EXERCISE REQUIREMENTS: Go to the line holding "black puma joggers" in the entries below and write out exactly every line down to and including the line holding "WINPOWER Raw Edge".

EXERCISE INPUT:
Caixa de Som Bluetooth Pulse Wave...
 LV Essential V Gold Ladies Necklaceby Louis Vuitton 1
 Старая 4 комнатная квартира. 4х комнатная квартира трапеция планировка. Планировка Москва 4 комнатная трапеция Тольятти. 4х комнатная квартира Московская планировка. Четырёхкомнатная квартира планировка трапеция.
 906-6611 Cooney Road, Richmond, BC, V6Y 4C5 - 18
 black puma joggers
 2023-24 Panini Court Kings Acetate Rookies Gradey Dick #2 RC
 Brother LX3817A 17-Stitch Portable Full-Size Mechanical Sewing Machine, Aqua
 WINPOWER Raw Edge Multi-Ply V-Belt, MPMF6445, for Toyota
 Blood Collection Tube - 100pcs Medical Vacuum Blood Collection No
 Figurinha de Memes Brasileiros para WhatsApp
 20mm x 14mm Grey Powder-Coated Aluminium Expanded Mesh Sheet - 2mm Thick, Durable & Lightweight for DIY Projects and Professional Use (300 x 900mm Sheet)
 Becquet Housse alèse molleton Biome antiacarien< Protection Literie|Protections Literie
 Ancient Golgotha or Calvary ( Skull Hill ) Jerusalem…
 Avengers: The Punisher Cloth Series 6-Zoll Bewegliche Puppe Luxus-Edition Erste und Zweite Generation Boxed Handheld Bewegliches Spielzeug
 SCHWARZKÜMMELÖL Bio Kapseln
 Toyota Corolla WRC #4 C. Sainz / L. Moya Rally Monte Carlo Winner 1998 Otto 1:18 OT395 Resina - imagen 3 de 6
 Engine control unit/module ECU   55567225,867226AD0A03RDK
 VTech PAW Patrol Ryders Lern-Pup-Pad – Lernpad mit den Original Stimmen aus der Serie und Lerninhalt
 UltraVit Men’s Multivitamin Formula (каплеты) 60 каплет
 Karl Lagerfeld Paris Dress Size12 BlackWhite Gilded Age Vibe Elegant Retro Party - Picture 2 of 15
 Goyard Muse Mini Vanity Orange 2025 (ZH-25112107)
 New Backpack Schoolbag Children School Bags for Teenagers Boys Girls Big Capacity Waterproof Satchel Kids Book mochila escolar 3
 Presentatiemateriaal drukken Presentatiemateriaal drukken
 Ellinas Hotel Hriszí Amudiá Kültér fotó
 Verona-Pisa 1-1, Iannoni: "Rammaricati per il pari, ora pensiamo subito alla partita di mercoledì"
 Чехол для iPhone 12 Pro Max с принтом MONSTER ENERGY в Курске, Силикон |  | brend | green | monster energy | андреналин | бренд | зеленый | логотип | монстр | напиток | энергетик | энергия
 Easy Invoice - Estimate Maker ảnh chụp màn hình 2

RESPONSE BOX:
 black puma joggers
 2023-24 Panini Court Kings Acetate Rookies Gradey Dick #2 RC
 Brother LX3817A 17-Stitch Portable Full-Size Mechanical Sewing Machine, Aqua
 WINPOWER Raw Edge Multi-Ply V-Belt, MPMF6445, for Toyota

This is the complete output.